Two facts "everyone knows", an intriguing contrast, and a note of caution.
"Everyone knows" that people are much more willing to invest into cures than preventions. When a disaster hits, then money is no object; but trying to raise money for prevention ahead of time is difficult, hamstrung by penny-pinchers and short-termism. It's hard to get people to take hypothetical risks seriously. There are strong institutional reasons for this, connected with deep human biases and bureaucratic self-interest.
"Everyone knows" that governments overreact to the threat of terrorism. The amount spent on terrorism dwarfs other comparable risks (such as slipping and falling in your bath). There's a huge amount of security theatre, but also a lot of actual security, and pre-emptive invasions of privacy. We'd probably be better just coping with incidents as they emerge, but instead we cause great annoyance and cost across the world to deal with a relatively minor problem. There are strong institutional reasons for this, connected with deep human biases and bureaucratic self-interest.
And both these facts are true. But... they contradict each other. One is about a lack of prevention, the other about an excess of prevention. And there are more examples of excessive prevention: the war on drugs, for instance. In each case we can come up with good explanations as to why there is not enough/too much prevention, and these explanations often point to fundamental institutional forces or human biases. This means that the situation could essentially never have been otherwise. But the tension above hints that these situations may be a lot more contingent than that, more dependent on history and particular details of our institutions and political setup. Maybe if the biases were reversed, we'd have equally compelling stories going the other way. So when predicting the course of future institutional biases, or attempting to change them, take into account that they may not be nearly as solid or inevitable as they feel today.
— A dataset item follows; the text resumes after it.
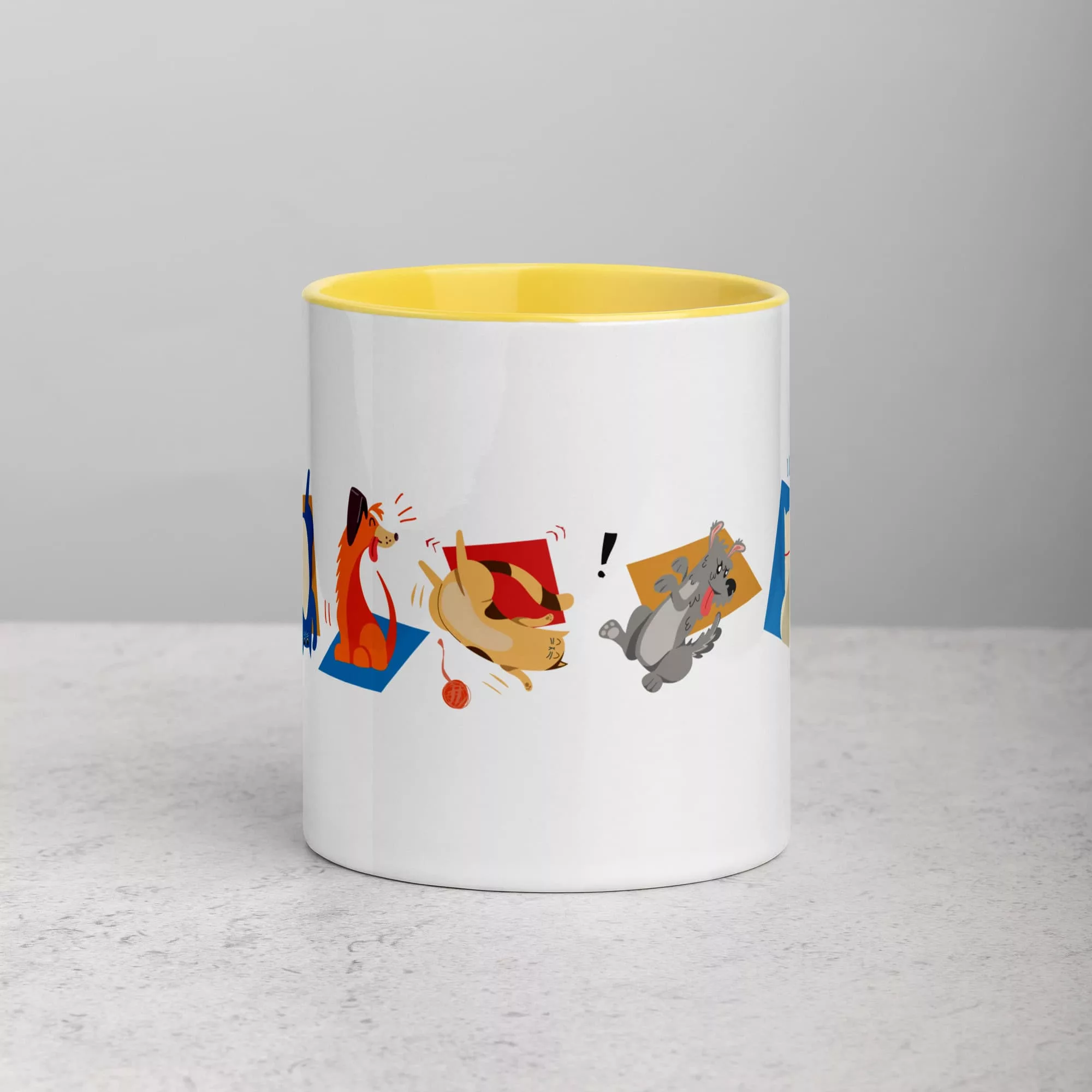 taza animales color interior amarillo 11oz front | Supertazas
It seems like the War on Terror, etc, are not actually about prevention, but about "cures".
Some drug addiction epidemic or terrorist attack happens. Instead of it being treated as an isolated disaster like a flood, which we should (but don't) invest in preventing in the future, it gets described as an ongoing War which we need to win. This puts it firmly in the "ongoing disaster we need to cure" camp, and so cost is no object.
I wonder if the reason there appears to be a contradiction is just that some policy-makers take prevention-type measures and create a framing of "ongoing disaster" around it, to make it look like a cure (and also to get it done).